In the Holy Gospel of the Day, Jesus challenges the notion of the religious leaders of His day, who wished to impose on people their notions, and not God’s Word. So, He says, "Whoever is of God hears the Words of God. The reason you do not hear them is that you are not of God." With these words, Jesus asserts the truth that God’s Word is what God gives, regardless of popularity, regardless of what people would rather hear for their spiritual lives. And He sets forth what is, quite frankly, as stark possibility, namely that, if God offers something and you say, "Ah, no thanks!" this very rejection could well be a sign that, in Jesus’ words, "you are not of God."

Those are stark words. But this is a vital issue. Christianity is not a result of mankind’s creation – and therefore it is not a matter of what Christians think that they might want or might not want. Christianity is shaped by the Words and Institutions of Christ Himself. Christianity involves what Christians absolutely need and absolutely must have for salvation. Anyone who gets in the way of what God clearly offers, gives, applies, and certifies, gets in the way of Christ and is not of God.

More than anything else at all times and in all circumstances, sinners need the forgiveness of sins, and they need the forgiveness of sins from all the sources through which God ordains to give it. Christians are sinners – just as much sinners as the rest of the mankind. We are sinners before, during, and after we made into Holy Christians by the Holy Ghost. As we Christians remain sinners in this present life, so also we remain beggars before God, beggars who have no right to pick and choose from the promises of God those which we like and those which we’d just as soon pass by.

We are Christians – that means we are sinners. That also means that we are a constantly endangered species in this life – "Take heed, how you stand, lest you fall!" You have no promise from God, and no future, if you begin to pick and choose among the holy things that God gives you for your spiritual welfare. To do so is to leave open the real possibility that you are not of God – but only playing God-games, as did the religious leaders who opposed Jesus to His face. It is far better to learn to acquire the tastes for the spiritual gifts God has for you.

III.

Holy Absolution is part of the medicine of immortality. It is what God provides for you, on purpose and as result of divine, Fatherly wisdom. That others abuse or reject this gift is no reason for you to miss what God has for you there. It is a remedy for sin and a cause for holiness of living. Holy Absolution is nothing else than the voice of God in your life and in your language. It is a practice that God ordains to occur in His Church and on a regular basis, of Holy Absolution is a channel included in what St. Paul declares in the Epistle: "How much more will the blood of Christ, who through the eternal spirit offered Himself without blemish to God, purify our conscience from dead works to serve the living God."
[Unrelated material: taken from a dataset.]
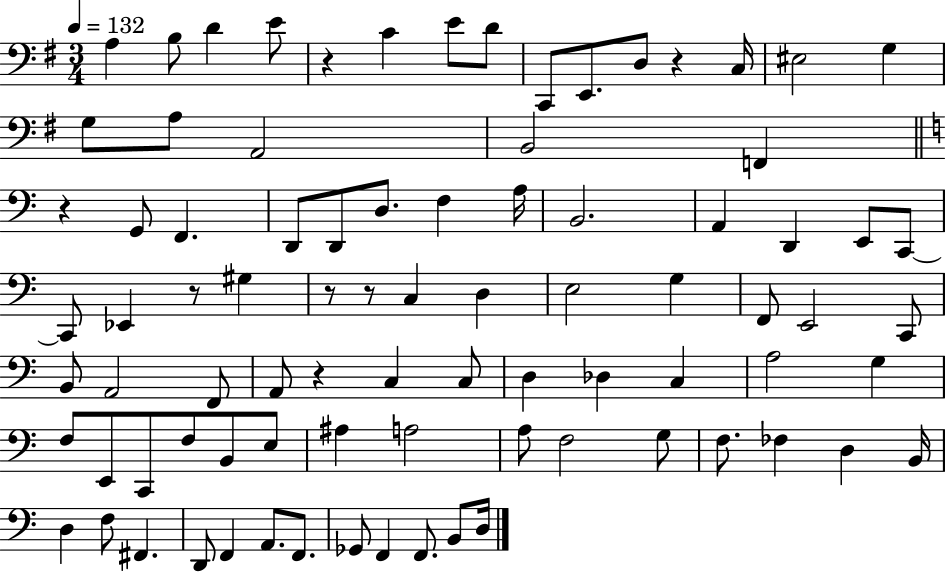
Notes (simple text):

A3/q B3/e D4/q E4/e R/q C4/q E4/e D4/e C2/e E2/e. D3/e R/q C3/s EIS3/h G3/q G3/e A3/e A2/h B2/h F2/q R/q G2/e F2/q. D2/e D2/e D3/e. F3/q A3/s B2/h. A2/q D2/q E2/e C2/e C2/e Eb2/q R/e G#3/q R/e R/e C3/q D3/q E3/h G3/q F2/e E2/h C2/e B2/e A2/h F2/e A2/e R/q C3/q C3/e D3/q Db3/q C3/q A3/h G3/q F3/e E2/e C2/e F3/e B2/e E3/e A#3/q A3/h A3/e F3/h G3/e F3/e. FES3/q D3/q B2/s D3/q F3/e F#2/q. D2/e F2/q A2/e. F2/e. Gb2/e F2/q F2/e. B2/e D3/s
That is precisely what the voice of Holy Absolution does in your hearing and for your living: purifies your conscience from dead works to serve the living God." That is precisely what Holy Absolution is doing for you as you hear it. It is God’s personal gift to you, in the ongoing struggle with the conscience that sinners, even penitent sinners, will daily face in this life. Just is God worked in the life of Abraham to provide a lamb for the sacrifice for sins, so God provides by His own voice, spoken through His appointed spokesperson, the forgiveness of specific sins, which otherwise would nag the conscience and wound the spirit. God be praised for the great gift of the Sacrament of Holy Absolution!